Model of genetic regulation of GSH. Genetic background directly regulates GSH homeostasis and determines the relative effects of diet and physiological stress on this system. Together, these interactions influence disease risk.

This study demonstrated that GSH levels and GSH/GSSG can decrease in response to an established C3G-rich diet [6]. The C3G diet caused apparent disruptions in GSH homeostasis in 129 and A mice, and the effect was most apparent in the liver, suggesting oxidative stress and hepatotoxicity [49], [50], [51], [52]. Several polyphenols are known to exert toxicity at high levels [53], [54], [55], and in the case of epigallocatechin gallate (EGCG), a polyphenol present in green tea, toxicity is determined by genetic background [55]. As use of dietary supplements continues to grow considerably in the United States, it will be critical to further characterize the genetic mechanisms that drive hepatotoxicity attributable to polyphenols such as EGCG and C3G. It will also be important to elucidate whether distinct mechanisms direct toxicity of each compound.
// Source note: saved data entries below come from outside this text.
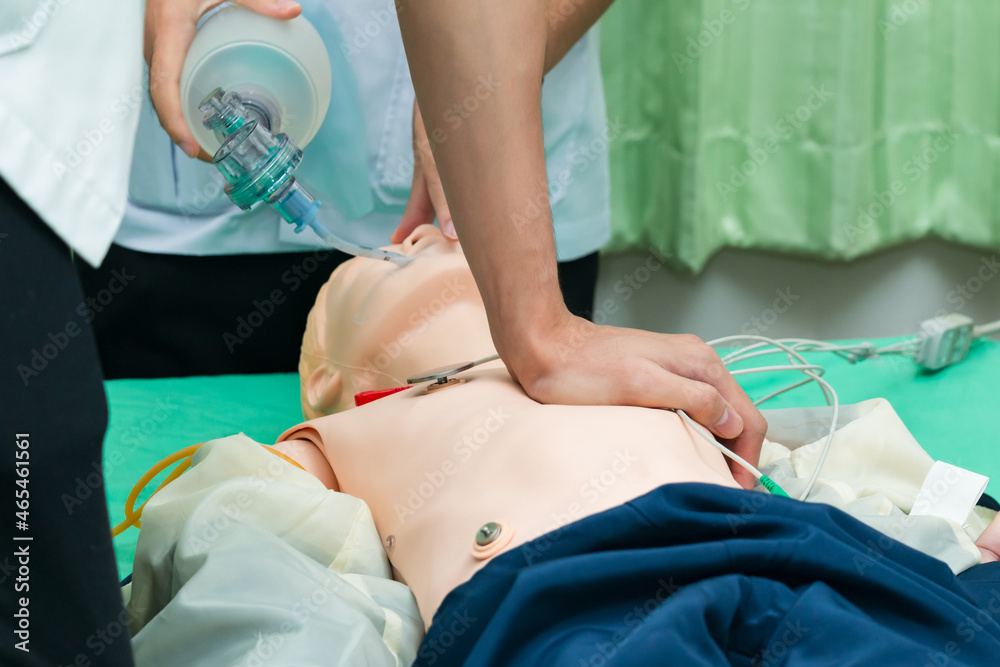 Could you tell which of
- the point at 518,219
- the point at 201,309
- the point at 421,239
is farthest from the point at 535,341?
the point at 201,309

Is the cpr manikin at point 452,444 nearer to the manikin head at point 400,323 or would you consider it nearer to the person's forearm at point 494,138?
the manikin head at point 400,323

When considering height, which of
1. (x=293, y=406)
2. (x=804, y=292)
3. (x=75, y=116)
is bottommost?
(x=804, y=292)

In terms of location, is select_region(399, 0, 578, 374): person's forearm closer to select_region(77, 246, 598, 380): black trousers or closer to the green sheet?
the green sheet

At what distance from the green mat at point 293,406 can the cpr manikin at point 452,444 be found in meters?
0.32

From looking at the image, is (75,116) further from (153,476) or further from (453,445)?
(153,476)

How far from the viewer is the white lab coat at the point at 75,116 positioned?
0.41m

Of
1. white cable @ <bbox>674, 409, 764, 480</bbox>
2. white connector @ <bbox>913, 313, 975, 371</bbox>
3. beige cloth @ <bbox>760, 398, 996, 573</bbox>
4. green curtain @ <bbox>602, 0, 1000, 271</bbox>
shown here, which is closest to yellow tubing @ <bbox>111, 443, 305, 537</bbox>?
white cable @ <bbox>674, 409, 764, 480</bbox>

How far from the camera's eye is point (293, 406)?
145 centimetres

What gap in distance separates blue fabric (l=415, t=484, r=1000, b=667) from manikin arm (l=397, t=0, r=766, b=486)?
0.19 m

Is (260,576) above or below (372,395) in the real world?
above

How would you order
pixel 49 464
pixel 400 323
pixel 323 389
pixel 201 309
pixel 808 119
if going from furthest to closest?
pixel 808 119 < pixel 201 309 < pixel 323 389 < pixel 400 323 < pixel 49 464

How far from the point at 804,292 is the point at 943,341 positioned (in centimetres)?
73

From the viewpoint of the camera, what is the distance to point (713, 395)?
0.78 m

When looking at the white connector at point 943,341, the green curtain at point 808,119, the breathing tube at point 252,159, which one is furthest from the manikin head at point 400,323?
the green curtain at point 808,119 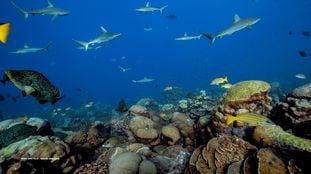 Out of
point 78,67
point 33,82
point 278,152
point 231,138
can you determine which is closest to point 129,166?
point 231,138

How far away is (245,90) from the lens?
19.3ft

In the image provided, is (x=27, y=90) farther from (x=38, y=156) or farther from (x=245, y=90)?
(x=245, y=90)

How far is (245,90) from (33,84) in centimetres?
418

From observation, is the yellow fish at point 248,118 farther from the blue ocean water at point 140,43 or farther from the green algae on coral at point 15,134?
the blue ocean water at point 140,43

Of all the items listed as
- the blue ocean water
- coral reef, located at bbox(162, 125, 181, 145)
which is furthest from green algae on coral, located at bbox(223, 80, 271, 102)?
the blue ocean water

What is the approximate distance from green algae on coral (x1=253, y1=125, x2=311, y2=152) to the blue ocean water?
6026 centimetres

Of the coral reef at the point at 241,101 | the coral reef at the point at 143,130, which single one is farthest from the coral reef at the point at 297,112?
the coral reef at the point at 143,130

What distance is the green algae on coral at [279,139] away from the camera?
4052mm

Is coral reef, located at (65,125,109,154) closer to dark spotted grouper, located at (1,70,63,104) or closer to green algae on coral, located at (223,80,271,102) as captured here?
dark spotted grouper, located at (1,70,63,104)

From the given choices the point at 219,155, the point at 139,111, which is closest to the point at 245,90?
the point at 219,155

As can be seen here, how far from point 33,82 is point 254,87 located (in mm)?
4376

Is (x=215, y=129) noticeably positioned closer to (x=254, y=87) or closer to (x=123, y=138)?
(x=254, y=87)

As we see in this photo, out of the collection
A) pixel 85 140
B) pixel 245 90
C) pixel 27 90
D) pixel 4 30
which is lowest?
pixel 85 140

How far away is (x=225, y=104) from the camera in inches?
234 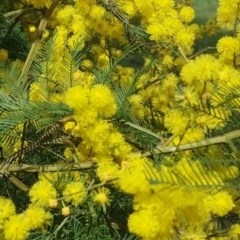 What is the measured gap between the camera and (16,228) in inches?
34.5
We tested the hypothesis that the redox effects of C3G would be limited to the liver and kidney due to the primary role of these organs in phytochemical metabolism and clearance. Our hypothesis was partially confirmed because the most significant effects were discovered in liver. The kidney, as well as the heart and pancreas, showed fewer and less pronounced effects on GSH homeostasis; the brain exhibited no effects. Overall, our data support a tissue-specific effect of anthocyanins on GSH homeostasis. To our knowledge, this is the first study to show that the redox effects of anthocyanins are determined by genetic background. Our long-term hypothesis predicts that anthocyanins differentially affect humans based on their genetics. If that hypothesis is correct, it may highlight the underlying reason for inconsistent findings in previous epidemiological and clinical studies. Furthermore, such findings would indicate that anthocyanin supplementation may cause toxicity in a highly susceptible subpopulation. Overall, our data will inform future efforts to clarify genetic mechanisms that regulate differential responses to ingested anthocyanins.

Conflict of interest and funding disclosure

The authors declare that there are no conflicts of interest.

Funding

This work was supported by the University of Georgia Office of the Vice President for Research; the College of Family and Consumer Sciences; and NIFA HATCH Grant GEO00735.